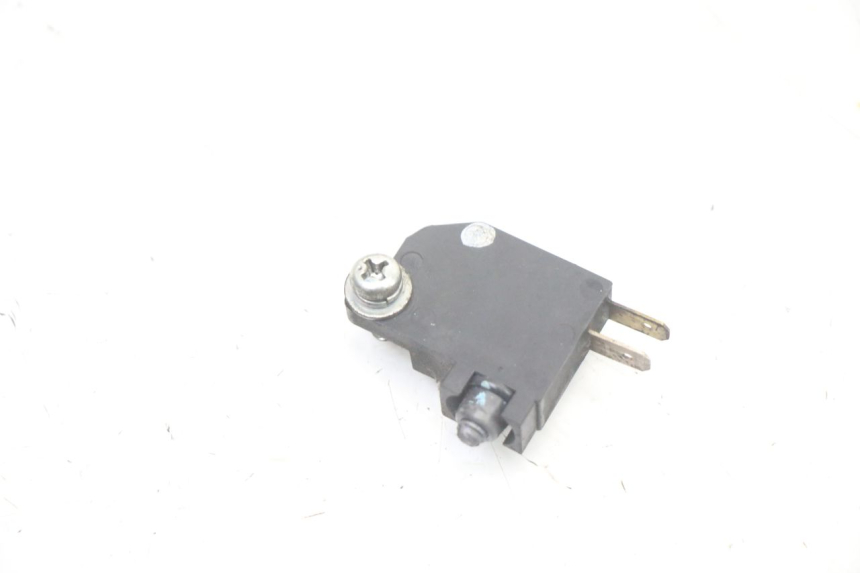photo de LUZ FRENO INTERRUPTOR IZQUIERDA SUZUKI BURGMAN 125 (2018 - 2021)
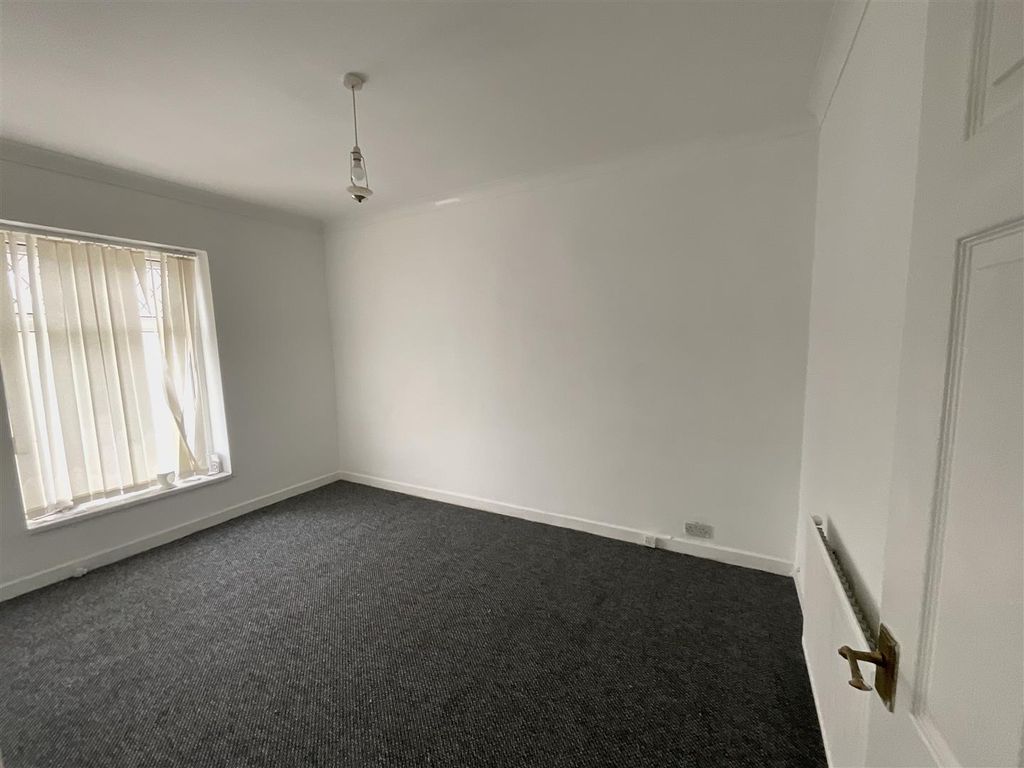 Additional image 22 of 4 bed terraced house for saleOld Castle Road, Llanelli SA15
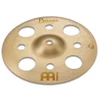 Image de Meinl Byzance Vintage Trash Splash 10"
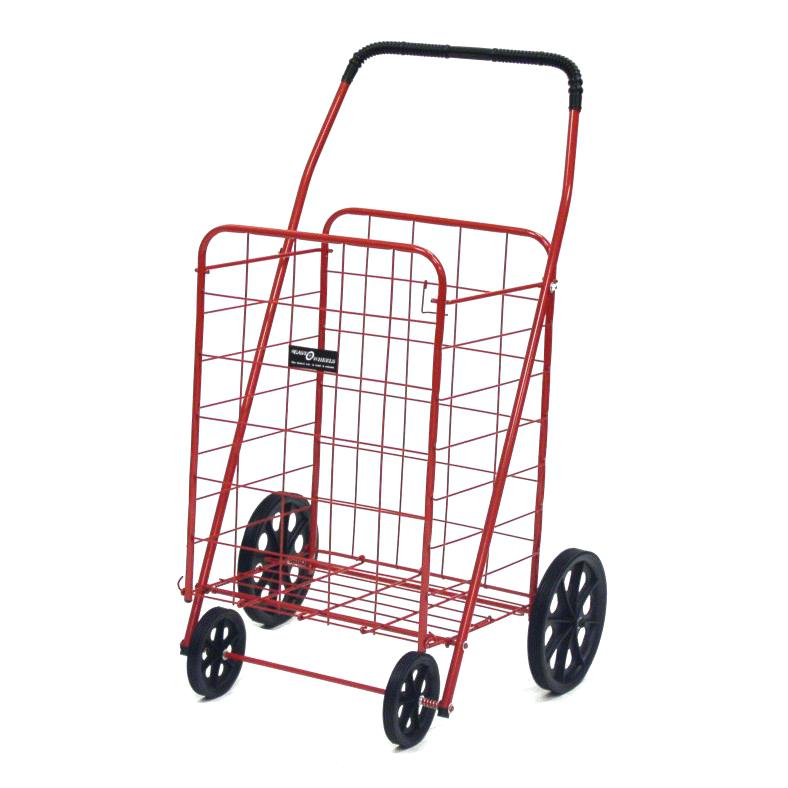 788x788 old lady shopping cart old woman shopping trolley old woman - Grocery Cart Drawing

Work request ::
Up to and including the last line of the listing, starting at the line with "Image de Meinl", extract every line exactly and leave out the pictures.

Task solution ::
 Image de Meinl Byzance Vintage Trash Splash 10"
 788x788 old lady shopping cart old woman shopping trolley old woman - Grocery Cart Drawing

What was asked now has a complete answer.